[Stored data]
_ _ _ _
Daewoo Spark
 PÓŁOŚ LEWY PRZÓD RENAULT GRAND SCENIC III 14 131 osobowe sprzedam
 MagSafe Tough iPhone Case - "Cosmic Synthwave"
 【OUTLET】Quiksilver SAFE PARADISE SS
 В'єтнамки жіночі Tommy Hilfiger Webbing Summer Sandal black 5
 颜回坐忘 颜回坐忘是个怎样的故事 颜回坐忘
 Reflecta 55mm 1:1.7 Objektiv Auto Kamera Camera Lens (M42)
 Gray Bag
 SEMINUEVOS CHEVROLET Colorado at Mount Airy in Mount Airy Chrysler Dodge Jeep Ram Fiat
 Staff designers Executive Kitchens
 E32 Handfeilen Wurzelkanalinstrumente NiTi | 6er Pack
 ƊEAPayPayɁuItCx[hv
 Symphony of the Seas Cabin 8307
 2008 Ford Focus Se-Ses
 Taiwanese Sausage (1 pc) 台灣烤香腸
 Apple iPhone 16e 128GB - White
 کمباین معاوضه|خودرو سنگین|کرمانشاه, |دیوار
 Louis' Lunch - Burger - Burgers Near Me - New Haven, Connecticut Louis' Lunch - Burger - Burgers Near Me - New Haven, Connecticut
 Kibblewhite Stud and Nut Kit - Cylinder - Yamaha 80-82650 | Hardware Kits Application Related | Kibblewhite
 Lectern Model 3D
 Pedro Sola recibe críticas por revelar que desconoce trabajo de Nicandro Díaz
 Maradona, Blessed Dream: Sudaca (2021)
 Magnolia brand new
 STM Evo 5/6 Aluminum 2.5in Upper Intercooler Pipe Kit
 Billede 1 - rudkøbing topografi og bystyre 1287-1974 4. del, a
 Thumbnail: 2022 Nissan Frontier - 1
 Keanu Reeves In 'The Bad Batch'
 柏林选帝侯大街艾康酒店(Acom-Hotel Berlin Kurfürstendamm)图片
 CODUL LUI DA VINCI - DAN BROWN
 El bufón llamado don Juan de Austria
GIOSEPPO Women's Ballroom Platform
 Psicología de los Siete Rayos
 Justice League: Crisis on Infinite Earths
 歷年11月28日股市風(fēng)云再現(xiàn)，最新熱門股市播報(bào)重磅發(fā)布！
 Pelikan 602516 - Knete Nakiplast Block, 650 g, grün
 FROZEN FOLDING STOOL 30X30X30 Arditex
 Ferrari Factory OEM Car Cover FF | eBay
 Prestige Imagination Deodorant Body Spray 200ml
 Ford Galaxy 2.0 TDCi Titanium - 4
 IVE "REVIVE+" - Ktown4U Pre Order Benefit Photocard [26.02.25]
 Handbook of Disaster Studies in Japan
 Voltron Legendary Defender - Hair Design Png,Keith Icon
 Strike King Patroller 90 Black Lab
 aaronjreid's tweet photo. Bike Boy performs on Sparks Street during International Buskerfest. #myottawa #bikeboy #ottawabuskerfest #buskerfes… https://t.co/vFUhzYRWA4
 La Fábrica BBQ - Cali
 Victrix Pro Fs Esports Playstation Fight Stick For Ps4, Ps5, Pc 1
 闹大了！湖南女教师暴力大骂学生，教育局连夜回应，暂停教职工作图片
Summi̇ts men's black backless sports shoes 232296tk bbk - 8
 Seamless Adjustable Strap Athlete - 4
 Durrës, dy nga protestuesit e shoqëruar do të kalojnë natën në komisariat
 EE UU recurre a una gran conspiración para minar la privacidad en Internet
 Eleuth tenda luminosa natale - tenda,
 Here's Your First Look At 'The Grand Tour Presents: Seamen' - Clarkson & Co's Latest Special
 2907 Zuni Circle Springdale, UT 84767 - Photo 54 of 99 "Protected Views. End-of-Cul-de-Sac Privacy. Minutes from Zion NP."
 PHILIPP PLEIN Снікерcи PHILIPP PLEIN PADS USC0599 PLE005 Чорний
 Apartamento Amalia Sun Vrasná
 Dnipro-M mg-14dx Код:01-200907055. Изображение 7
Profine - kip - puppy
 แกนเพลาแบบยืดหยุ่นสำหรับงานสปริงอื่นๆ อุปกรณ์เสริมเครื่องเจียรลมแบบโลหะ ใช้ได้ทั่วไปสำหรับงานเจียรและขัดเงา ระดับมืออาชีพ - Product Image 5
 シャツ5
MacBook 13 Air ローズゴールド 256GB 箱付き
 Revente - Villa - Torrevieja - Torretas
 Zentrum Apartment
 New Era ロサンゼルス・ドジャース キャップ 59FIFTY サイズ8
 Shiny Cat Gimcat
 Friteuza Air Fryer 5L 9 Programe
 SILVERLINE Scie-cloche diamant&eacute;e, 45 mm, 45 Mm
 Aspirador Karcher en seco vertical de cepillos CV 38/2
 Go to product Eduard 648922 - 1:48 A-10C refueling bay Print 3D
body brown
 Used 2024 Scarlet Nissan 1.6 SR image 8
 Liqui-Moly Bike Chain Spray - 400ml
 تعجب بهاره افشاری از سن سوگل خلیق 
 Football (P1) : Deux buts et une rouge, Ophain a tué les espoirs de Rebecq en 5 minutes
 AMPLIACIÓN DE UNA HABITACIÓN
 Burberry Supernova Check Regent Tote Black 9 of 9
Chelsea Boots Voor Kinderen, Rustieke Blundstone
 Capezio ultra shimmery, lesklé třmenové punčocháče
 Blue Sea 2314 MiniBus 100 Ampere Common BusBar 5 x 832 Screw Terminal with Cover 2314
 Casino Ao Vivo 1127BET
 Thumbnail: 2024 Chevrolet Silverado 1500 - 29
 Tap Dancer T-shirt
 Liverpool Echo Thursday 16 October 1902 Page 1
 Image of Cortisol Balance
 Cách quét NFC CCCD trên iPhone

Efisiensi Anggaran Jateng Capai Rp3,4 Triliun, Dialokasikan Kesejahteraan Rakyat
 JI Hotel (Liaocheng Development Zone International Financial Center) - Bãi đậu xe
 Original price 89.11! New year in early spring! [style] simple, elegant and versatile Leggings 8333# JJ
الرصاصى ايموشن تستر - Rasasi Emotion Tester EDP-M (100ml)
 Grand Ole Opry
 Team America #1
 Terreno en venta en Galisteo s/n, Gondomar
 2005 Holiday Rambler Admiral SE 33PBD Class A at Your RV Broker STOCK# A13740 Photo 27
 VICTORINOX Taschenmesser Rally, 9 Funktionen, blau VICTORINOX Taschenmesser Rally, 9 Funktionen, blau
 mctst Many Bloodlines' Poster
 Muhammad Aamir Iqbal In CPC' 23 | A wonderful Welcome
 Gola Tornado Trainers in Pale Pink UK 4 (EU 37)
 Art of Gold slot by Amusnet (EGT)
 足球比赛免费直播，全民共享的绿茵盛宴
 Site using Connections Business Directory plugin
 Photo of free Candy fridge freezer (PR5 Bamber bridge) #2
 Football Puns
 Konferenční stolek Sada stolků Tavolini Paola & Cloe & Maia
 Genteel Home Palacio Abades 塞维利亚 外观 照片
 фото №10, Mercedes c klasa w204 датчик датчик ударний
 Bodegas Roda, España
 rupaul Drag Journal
_ _ _ _
> _Work instruction_: Beginning with the line that holds "mctst Many Bloodlines' Poster" and ending with the last line of the data, copy each line exactly and add nothing.

> _Task result_:
 mctst Many Bloodlines' Poster
 Muhammad Aamir Iqbal In CPC' 23 | A wonderful Welcome
 Gola Tornado Trainers in Pale Pink UK 4 (EU 37)
 Art of Gold slot by Amusnet (EGT)
 足球比赛免费直播，全民共享的绿茵盛宴
 Site using Connections Business Directory plugin
 Photo of free Candy fridge freezer (PR5 Bamber bridge) #2
 Football Puns
 Konferenční stolek Sada stolků Tavolini Paola & Cloe & Maia
 Genteel Home Palacio Abades 塞维利亚 外观 照片
 фото №10, Mercedes c klasa w204 датчик датчик ударний
 Bodegas Roda, España
 rupaul Drag Journal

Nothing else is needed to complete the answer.